Sensitivity Analyses

We conducted a sensitivity analysis using inverse probability of censoring weights to determine the potential impact of informative censoring on our results (see Supplementary Appendix).31,32 A sensitivity analysis was also performed treating visit number, rather than days, as the unit of time for the primary analysis, in order to look at the impact of potentially variable visit frequencies on our results. Additionally, we performed a sensitivity analysis where standard, non-bootstrapped model-based estimates were calculated.
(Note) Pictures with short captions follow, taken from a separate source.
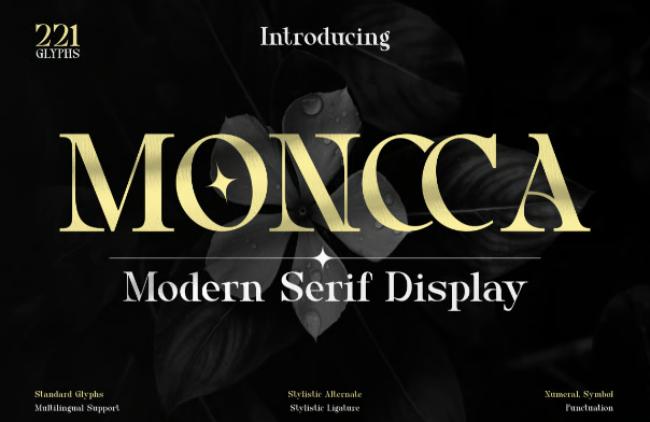 italian font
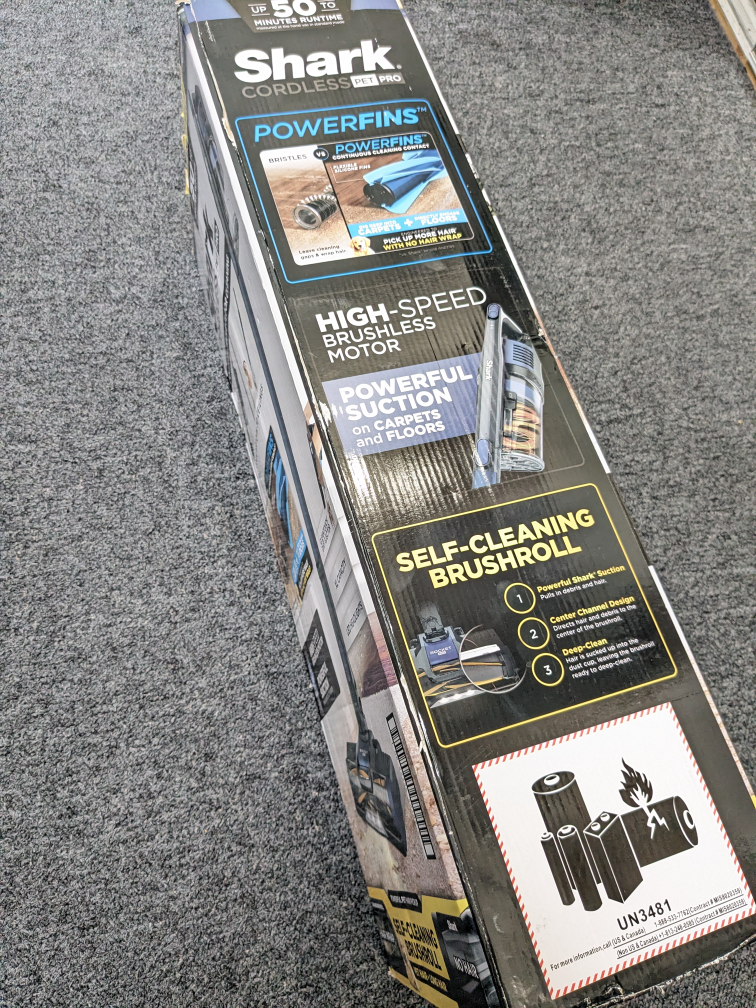 SHARK Pet-Pro Cordless Multi-Surface Stick Vacuum Cleaner - photo 3
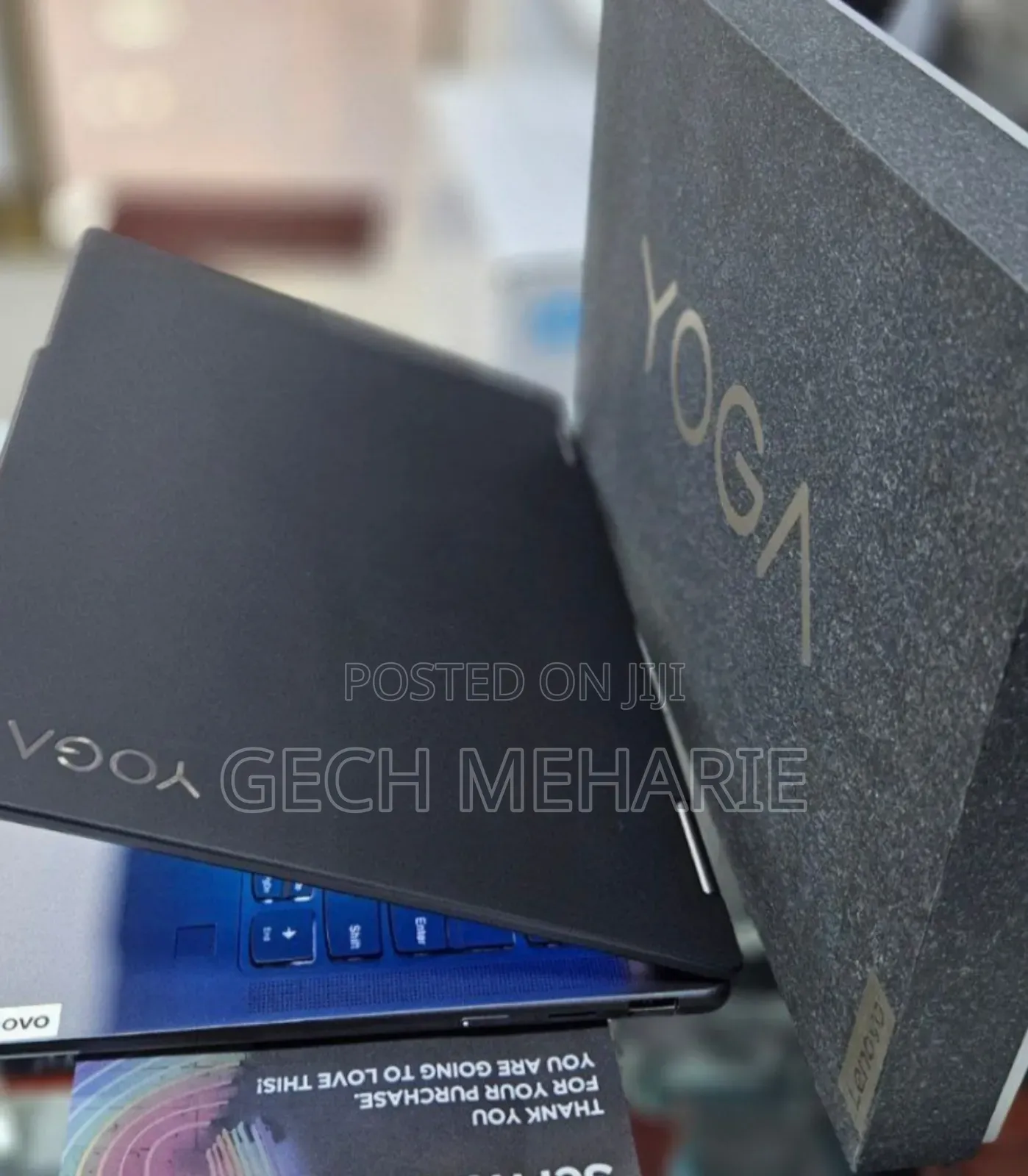 New Laptop Lenovo Yoga 7i 8GB Intel Core I5 SSD 512GB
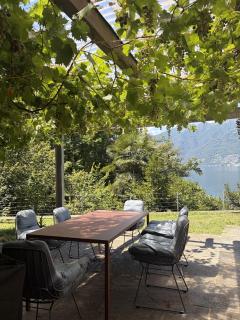 Ferienhaus mit Privatgarten - 0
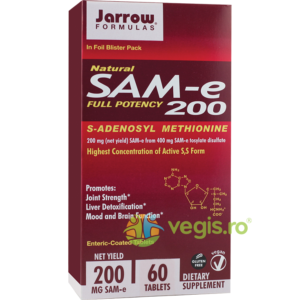 Reducere  SAM-E 200mg 60cpr Secom,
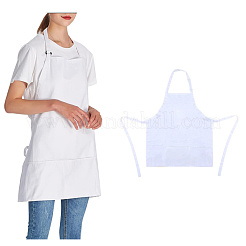 Фартук без рукавов из полиэстера&nbsp;AJEW-WH20054-028B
Finally, the individual effects of CYP2C9*2 and CYP2C9*3 as well as using an additive specification (i.e. 0, 1, or 2) for all genetic variants were assessed in a sensitivity analysis. All analyses were performed using R 3.0.2.

Results

There were 390 subjects in the cohort, whose characteristics are shown in Table 1. Median TTM was 45 days (IQR 15, 135), with 288 subjects (74%) achieving maintenance dose by the end of the study. Median number of visits required to achieve maintenance dose was 7 (IQR 4, 13). Genotype frequencies by race are shown in Supplementary Table 4.

Table 1.

Characteristics of the IN-RANGE clinical cohort (N = 390).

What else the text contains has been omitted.